The next thing I knew, it was Saturday night, and I was back at the Dog for a performance by Corvallis’ own post-everything quartet, Xenat-Ra. If anything, it had gotten hotter through the weekend, and I was on the verge of climbing Mt. Olympus to punch Helios in the face.
JD Monroe was spanking his drum kit while Dave Trenkel coaxed cosmic tones from his keys and Matt Calkins was blowing into his saxophone like a lifeguard trying to get a nonresponsive man to breathe.
That was when the sky opened up.
They had been flashing for hours, the long, movie-style streaks of lightning, cracking the sky like a BB against a windshield and occasionally sending rumbles of thunder echoing across the valley. When the rain came, it was totally unexpected, and it damn near emptied the place out.
Walking outside into the monsoon, I saw two of my out-of-town friends standing beneath the bike rack shelter in the suits they wore to the wedding. I went and stood with them, watching the natural laser-light show unfold.
It was beautiful. Not only that, but you could hear the music perfectly, it was so loud. Xenat-Ra had ripped open the night, sowing the clouds with their irritant shards of funk.
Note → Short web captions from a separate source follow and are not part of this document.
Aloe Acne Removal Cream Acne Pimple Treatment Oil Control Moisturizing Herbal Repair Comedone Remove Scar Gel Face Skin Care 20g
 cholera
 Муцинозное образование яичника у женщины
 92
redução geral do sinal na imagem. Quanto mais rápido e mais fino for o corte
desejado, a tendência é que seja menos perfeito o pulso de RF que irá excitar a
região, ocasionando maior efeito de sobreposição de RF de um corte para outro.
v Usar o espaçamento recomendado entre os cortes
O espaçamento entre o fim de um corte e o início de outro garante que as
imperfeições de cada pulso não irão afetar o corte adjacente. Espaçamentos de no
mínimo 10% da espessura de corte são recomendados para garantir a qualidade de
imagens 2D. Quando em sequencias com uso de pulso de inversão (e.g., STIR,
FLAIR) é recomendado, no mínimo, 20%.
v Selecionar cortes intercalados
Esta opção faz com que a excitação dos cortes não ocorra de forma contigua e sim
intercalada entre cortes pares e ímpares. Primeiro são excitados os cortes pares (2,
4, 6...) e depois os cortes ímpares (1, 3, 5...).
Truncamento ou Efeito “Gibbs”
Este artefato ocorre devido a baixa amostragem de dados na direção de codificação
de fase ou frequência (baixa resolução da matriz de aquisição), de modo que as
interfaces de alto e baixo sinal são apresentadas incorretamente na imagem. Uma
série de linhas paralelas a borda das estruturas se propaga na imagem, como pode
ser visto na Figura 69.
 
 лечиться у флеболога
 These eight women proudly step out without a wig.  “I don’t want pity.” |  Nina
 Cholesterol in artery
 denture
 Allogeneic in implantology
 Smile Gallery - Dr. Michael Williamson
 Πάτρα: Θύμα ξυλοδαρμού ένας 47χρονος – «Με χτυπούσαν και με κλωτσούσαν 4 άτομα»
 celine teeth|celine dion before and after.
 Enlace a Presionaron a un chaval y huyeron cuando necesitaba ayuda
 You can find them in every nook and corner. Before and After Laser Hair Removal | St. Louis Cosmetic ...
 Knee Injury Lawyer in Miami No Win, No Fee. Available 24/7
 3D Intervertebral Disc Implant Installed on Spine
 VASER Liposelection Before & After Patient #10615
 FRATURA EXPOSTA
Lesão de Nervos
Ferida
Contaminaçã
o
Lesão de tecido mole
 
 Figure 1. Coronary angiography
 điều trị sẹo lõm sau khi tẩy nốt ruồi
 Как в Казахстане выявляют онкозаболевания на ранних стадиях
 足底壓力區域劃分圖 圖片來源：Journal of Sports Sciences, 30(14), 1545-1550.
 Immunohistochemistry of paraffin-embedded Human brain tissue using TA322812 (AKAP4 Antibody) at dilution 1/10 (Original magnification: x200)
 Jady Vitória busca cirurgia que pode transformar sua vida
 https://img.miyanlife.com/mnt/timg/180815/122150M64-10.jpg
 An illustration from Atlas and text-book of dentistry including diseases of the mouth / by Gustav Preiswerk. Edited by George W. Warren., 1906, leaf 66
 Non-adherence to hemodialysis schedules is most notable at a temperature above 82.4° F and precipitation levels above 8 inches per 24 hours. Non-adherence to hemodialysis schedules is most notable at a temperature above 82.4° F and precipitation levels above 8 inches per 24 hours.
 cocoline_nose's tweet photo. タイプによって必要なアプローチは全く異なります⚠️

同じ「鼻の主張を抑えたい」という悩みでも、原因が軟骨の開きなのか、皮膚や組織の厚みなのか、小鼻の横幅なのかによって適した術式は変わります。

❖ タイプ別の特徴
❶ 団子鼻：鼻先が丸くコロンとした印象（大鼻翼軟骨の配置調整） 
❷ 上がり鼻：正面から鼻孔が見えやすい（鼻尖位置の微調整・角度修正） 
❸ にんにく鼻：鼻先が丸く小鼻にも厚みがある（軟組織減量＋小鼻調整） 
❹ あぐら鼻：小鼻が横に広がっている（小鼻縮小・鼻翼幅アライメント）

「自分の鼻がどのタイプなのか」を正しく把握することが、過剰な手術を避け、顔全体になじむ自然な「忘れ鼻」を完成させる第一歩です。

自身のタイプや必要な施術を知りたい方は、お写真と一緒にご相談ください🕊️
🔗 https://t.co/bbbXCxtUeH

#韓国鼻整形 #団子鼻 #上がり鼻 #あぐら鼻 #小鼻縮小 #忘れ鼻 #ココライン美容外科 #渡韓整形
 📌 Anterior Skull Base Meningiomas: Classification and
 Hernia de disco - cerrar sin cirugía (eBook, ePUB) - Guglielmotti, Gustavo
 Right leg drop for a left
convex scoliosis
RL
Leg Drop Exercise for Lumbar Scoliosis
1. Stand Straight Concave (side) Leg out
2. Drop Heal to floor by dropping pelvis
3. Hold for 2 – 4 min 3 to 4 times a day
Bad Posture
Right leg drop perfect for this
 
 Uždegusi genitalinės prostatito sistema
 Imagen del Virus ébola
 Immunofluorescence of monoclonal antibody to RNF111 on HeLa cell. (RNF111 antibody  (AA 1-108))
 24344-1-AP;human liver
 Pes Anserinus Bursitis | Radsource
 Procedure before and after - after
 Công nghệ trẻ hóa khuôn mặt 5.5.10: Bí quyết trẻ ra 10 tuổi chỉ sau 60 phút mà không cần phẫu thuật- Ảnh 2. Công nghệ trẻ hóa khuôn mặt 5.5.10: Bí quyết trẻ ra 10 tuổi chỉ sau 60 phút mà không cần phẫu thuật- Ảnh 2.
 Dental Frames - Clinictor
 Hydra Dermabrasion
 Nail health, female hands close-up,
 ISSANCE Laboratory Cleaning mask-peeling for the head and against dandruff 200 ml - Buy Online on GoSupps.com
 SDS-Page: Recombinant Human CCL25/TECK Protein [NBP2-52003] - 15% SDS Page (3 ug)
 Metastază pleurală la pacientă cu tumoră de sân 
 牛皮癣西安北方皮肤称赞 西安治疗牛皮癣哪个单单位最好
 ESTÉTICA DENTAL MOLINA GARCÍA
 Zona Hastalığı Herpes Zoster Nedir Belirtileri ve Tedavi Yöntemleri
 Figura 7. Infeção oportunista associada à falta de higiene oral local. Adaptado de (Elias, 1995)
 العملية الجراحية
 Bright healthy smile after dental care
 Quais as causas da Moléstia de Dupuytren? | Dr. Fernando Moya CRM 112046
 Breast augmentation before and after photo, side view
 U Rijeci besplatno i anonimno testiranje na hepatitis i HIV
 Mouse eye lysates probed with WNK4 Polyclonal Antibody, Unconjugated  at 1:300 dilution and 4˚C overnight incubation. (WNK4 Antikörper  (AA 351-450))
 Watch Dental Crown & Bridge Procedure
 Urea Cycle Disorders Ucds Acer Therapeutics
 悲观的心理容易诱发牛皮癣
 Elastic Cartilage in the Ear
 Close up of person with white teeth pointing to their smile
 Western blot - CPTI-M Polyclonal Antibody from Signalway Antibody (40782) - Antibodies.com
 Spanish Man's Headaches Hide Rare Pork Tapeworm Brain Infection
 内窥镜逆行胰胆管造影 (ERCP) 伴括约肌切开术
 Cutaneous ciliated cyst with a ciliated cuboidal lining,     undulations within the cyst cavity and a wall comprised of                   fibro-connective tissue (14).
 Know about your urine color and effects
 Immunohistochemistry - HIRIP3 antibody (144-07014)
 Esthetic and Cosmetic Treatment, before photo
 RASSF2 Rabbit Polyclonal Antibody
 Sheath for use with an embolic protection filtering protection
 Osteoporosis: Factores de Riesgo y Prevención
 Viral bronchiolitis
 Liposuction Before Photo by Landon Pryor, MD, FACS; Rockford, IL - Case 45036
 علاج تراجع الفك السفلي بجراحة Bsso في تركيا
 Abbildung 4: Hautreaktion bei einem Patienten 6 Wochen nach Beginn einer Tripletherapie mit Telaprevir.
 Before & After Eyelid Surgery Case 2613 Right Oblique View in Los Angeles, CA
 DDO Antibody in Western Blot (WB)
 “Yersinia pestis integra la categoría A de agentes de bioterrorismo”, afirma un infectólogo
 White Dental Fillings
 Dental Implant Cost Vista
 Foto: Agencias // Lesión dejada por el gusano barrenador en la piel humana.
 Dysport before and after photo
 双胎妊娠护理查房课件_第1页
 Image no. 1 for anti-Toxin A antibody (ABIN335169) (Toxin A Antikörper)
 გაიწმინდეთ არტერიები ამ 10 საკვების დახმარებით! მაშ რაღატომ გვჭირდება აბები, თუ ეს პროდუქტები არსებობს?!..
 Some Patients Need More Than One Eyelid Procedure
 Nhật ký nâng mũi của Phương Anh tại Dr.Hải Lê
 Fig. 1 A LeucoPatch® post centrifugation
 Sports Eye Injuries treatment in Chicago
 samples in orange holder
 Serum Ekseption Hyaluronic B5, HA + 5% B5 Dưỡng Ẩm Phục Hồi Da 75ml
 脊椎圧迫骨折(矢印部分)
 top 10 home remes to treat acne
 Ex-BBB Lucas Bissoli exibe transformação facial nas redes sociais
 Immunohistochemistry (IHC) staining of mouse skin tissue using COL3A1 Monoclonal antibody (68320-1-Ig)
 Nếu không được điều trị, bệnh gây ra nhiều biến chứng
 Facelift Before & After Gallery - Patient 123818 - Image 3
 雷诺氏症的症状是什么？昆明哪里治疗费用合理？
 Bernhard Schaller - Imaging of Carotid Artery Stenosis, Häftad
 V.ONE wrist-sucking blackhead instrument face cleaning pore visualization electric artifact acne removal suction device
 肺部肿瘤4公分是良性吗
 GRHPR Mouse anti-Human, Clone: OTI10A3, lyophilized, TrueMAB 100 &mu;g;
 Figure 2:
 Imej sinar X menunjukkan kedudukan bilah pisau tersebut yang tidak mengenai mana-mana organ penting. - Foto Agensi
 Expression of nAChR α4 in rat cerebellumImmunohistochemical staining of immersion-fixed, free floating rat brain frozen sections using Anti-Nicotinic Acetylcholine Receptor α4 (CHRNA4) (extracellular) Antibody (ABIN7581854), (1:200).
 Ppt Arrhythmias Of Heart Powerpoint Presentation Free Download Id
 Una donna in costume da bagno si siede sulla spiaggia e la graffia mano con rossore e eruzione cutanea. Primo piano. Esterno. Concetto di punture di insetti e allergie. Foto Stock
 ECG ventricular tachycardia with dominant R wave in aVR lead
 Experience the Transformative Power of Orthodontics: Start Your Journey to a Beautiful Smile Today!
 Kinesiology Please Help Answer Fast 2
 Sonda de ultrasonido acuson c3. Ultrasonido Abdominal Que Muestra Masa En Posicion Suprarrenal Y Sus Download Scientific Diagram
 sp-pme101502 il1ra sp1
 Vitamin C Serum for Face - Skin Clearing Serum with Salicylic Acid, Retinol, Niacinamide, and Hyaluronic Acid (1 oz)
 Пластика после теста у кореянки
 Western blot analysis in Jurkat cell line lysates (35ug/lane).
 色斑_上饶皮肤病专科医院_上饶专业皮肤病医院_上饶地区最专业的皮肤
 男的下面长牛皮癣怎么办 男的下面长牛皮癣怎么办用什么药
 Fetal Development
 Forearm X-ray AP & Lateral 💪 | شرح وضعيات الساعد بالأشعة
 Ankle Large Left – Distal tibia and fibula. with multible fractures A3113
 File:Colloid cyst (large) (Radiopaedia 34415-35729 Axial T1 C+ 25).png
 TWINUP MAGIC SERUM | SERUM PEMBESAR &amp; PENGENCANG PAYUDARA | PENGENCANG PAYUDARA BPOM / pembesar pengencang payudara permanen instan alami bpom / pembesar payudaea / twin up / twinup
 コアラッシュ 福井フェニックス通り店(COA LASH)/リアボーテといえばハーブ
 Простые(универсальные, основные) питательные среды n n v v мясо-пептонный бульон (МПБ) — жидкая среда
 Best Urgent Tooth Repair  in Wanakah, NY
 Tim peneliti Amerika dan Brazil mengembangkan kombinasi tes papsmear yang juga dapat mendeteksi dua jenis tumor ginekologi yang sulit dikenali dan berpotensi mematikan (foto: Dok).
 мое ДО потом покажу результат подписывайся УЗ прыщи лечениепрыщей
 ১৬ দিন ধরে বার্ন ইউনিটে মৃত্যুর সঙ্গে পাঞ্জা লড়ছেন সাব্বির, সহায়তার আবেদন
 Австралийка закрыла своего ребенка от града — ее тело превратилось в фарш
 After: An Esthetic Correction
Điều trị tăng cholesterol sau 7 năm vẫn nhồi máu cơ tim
When the women started issuing forth from the door of the Dog, dancing in the downpour and strobelightning, I leaned back against the bike rack and thought just how lucky I was.
Sometimes you just have to sit back and appreciate the rock-video moments in your life. You don’t have to sip Moet out of a supermodel’s navel, go to a White Party in the Hamptons or coast on thousand-dollar rims to your own Hollywood premiere.
All you really need is good friends, great music and, most importantly, lowered expectations.